The issue with double dash (--) is one “string safety” problem I’ve meant to address on my blog, but haven’t yet.
I’m not sure I’m following the argument in this post though.
I don’t see the need to distinguish between paths and strings.
I do see the need to distinguish between args and flags, which is what the -- convention does.
As far as serializing arrays, it seems like the NUL convention of find -print0 and xargs -0 is (surprisingly) sufficient? I didn’t quite see that until writing the two Git Log in HTML posts.
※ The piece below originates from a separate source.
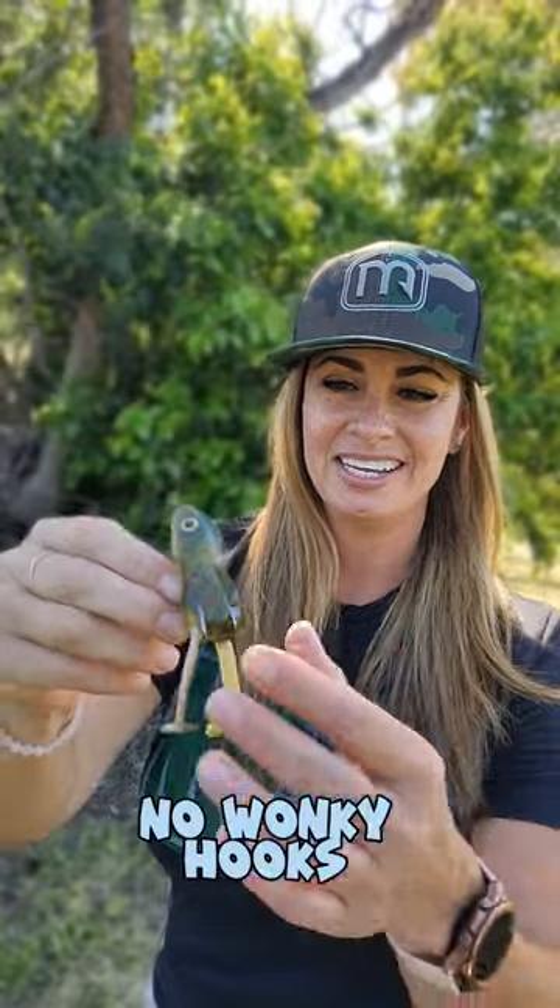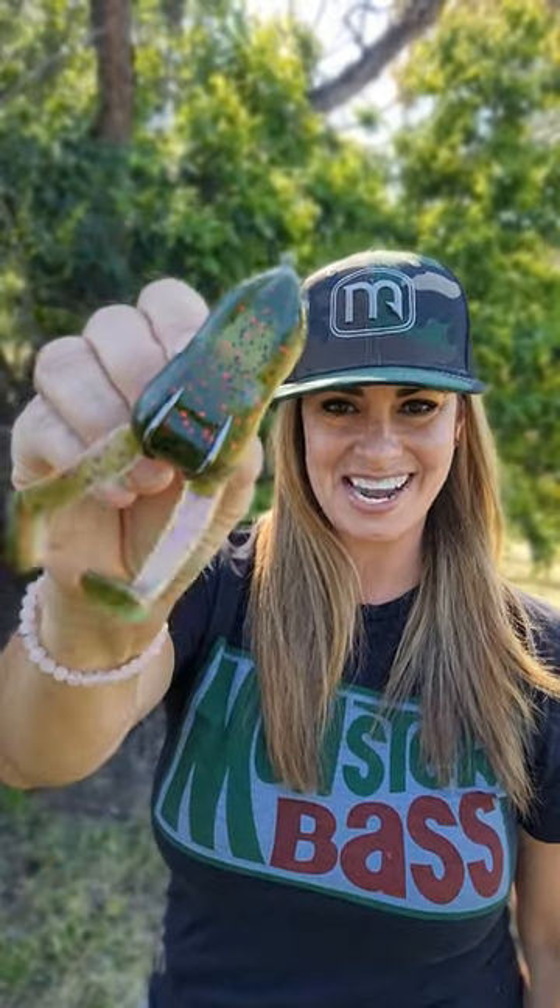Don't forget to check your hooks after a big strike because they can get a little wonky. You just want to put it right back in its place and then you're all set for the next big bite.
I think there does need to be some kind of lint check or function wrapper for --, like flagging the former but not the latter (somehow):
grep foo $file # oops, $file could be a flag and GNU and OS X grep accepts it
grep -- foo $file # this is more correct
mygrep() { # mygrep only accepts args
grep -E --color -- "$@"
}
mygrep2() { However sometimes you do want the user to be able to append flags, so this function is useful too
grep -E --color "$@"
}
mygrep2 -v pattern *.c # invert match
The rule I have for Oil is to avoid “boiling the ocean” – i.e. there can’t be some new protocol that every single command has to obey, because that will never happen. Heterogeneity is a feature.
However there should be some recommended “modern” style, and I haven’t quite figured it out for the flag/arg issue.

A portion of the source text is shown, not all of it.